For a while, there was an effort to exterminate them, but as they never bothered humans or any another animal for that matter, the public outcry quickly died. When the government completely cut the funding for the eradication in favor of a big juicy tax break to the job creators, the undead squirrels were accepted as the new normal.
Everyone with common sense hated them but, to young boys in particular, they were a source of fascination and Lucas was no different.
“Mommy, look!” Lucas held a zombie squirrel in his hands. Its fur was matted, falling out over most of its body, and its organs could be seen though its exposed rib cage. Its clouded white eyes stared blankly as a sliver of drool dripped from its open mouth, dolloping on the boy’s fingers.
“Lucas, put it down!” Martha shrieked. The boy jumped at his mother’s tone and quickly complied. The undead squirrel, once free of the child’s grip, docilely stayed put for a moment before sniffing the air and hobbling quietly away.

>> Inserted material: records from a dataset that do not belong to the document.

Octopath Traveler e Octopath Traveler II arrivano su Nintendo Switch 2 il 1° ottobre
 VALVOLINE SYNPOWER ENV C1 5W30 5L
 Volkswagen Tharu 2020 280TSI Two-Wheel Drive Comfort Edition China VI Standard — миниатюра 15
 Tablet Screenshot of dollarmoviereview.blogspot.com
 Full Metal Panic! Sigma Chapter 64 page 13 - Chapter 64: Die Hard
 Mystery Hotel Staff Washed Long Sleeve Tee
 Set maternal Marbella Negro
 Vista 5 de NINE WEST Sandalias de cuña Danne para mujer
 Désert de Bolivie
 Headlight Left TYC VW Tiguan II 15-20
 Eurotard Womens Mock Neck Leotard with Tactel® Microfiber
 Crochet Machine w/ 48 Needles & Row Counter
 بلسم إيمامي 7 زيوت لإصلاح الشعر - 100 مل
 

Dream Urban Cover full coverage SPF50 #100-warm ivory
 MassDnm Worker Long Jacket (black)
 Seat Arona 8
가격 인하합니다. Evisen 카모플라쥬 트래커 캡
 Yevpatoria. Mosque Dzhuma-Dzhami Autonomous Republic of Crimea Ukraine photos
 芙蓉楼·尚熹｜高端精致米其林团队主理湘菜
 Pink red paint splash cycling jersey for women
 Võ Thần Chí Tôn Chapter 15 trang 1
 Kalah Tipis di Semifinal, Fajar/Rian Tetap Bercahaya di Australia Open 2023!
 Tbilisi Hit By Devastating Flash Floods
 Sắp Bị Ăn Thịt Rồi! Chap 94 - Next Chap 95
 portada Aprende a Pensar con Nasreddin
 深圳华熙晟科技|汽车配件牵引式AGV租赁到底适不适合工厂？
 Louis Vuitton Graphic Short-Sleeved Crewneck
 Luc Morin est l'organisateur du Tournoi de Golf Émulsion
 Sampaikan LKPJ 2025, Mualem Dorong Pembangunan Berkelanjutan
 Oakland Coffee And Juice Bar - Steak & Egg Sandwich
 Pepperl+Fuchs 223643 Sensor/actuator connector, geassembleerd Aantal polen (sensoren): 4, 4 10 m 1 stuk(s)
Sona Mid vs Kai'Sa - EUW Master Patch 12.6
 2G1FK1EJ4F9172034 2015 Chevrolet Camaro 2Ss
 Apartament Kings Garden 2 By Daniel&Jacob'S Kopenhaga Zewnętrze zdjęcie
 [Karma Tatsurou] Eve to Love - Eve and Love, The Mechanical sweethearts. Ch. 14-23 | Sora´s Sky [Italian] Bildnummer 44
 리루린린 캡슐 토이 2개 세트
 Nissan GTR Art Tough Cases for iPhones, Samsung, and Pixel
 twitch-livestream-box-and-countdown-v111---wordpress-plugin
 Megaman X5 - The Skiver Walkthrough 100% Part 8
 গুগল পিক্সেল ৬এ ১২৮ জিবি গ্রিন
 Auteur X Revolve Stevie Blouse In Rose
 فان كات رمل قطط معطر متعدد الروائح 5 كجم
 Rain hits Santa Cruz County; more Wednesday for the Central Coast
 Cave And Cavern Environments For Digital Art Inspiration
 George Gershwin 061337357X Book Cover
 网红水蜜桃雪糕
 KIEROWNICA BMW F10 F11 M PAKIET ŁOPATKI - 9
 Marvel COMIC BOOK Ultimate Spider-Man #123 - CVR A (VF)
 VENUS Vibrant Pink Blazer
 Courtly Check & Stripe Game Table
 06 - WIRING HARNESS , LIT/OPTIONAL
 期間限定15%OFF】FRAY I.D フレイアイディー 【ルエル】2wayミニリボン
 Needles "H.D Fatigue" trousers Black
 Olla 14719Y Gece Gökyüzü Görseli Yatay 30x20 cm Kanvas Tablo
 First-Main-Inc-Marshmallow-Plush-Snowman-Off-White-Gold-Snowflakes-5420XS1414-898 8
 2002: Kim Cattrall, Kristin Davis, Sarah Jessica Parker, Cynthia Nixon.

“Come here and don’t touch your face!” Martha commanded, digging in her purse. When her son made it over to her she had the hand sanitizer at the ready. “I told you not to touch those things. They’re disgusting.”
“They’re cool!” Lucas said with an excited cadence, rubbing the sanitizer all over his little hands, “And they don’t even care if you pick them up!”
“I don’t care if they don’t care,” Martha said, “I care! I said no and if I see you picking up another one, we’re going home. Forget the movies!”
“But, mom!” Lucas protested.
“No buts,” she warned.
“All of the other kids are playing with them,” Lucas whined.
“I don’t care what all the other kids are doing, Lucas,” Martha said in her firmest mom voice. “I care about what you’re doing.”
“Jerkemion Jones has three of them,” Lucas said as his mom squirted sanitizer into his hands with a loud farting noise, “He showed me a picture on his phone. He keeps them in a cage in his room.”
“That’s just silly,” his mother said, “What’s a six year old boy doing with a phone?”
“He says you don’t have to clean up after them or nothin’,” Lucas informed her, still making his pitch, “They don’t even poop!”
“Really?” she said feigning interest, “They don’t poop?” She stopped for a moment and thought about what her son just told her and, against her better judgment, asked, “If they don’t poop what happens to the bits and pieces of the other squirrels they eat?”
“He says they ooze,” Lucas added. He cocked his head quizzically and then asked, “What is ooze?”
Martha rolled her eyes, making sure that her son cleaned his hands properly. “You know what happens when you bite into a hot pocket and it squirts out on one end? That’s ooze.”
“Awesome,” the boy said laughing.
“There’s nothing ‘awesome’ about them,” she sighed. “When I was a little girl, squirrels were cute and cuddly.”
“I’ve never seen a living one before,” Lucas said with a twinge of sadness.
“I know,” Martha said taking his now clean hands into her own, “The outbreak happened before you were born. Before that, there were a lot of them. Then, only a few… then you could only see them in zoos or pet stores, but eventually the undead ones got to them too. Now, all we have around are… these.”
She motioned to the wandering horde, about fifty or so squirrely walking dead that moved almost like an army of disgusting smelly ants.
“Did you play with them when you were a little girl?”
She thought about it. “Well, no…”
“Why not?”
“They were skittish, Lucas,” she said. A look from her son made her realize she had to explain the word. “They would run away if they saw you. Besides, even if I could have held one, it would have bit me… or my mother would have said it could have had rabies or was full of germs.”
“Like today?” Lucas asked, wrinkling his nose.
She laughed, “Kind of… Zombie or not, they’re still rodents.”
“So they’re not that different,” the boy laughed.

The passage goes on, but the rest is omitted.